• _Instructions to follow_: Below are the records; tally the lines in them that include the word "Clinic" and reply with the number alone.

━━━━━ Provided material

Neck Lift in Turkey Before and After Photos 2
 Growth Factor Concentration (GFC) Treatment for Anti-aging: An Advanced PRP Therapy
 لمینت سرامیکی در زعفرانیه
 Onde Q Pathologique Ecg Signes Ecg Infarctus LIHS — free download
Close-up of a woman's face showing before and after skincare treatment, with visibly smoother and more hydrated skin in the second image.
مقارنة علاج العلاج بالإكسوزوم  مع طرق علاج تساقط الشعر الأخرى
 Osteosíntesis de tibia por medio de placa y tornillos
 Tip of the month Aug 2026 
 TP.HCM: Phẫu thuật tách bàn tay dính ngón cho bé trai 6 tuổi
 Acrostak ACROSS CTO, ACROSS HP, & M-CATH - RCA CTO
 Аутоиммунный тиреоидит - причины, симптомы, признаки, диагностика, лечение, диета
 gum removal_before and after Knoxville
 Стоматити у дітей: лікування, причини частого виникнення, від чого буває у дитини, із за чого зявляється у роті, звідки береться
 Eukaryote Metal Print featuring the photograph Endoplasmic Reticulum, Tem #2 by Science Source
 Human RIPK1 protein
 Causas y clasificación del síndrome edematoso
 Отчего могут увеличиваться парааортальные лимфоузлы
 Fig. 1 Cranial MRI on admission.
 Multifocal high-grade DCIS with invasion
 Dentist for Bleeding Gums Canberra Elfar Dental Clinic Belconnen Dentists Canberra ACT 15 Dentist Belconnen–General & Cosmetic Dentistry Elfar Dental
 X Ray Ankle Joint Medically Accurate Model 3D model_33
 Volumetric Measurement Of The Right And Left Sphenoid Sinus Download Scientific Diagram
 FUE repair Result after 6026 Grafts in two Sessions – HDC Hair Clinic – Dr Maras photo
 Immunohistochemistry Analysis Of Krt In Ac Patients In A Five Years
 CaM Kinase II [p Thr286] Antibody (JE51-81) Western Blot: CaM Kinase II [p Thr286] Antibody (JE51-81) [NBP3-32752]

━━━━━━━━━━

• _Solution for this task_: 2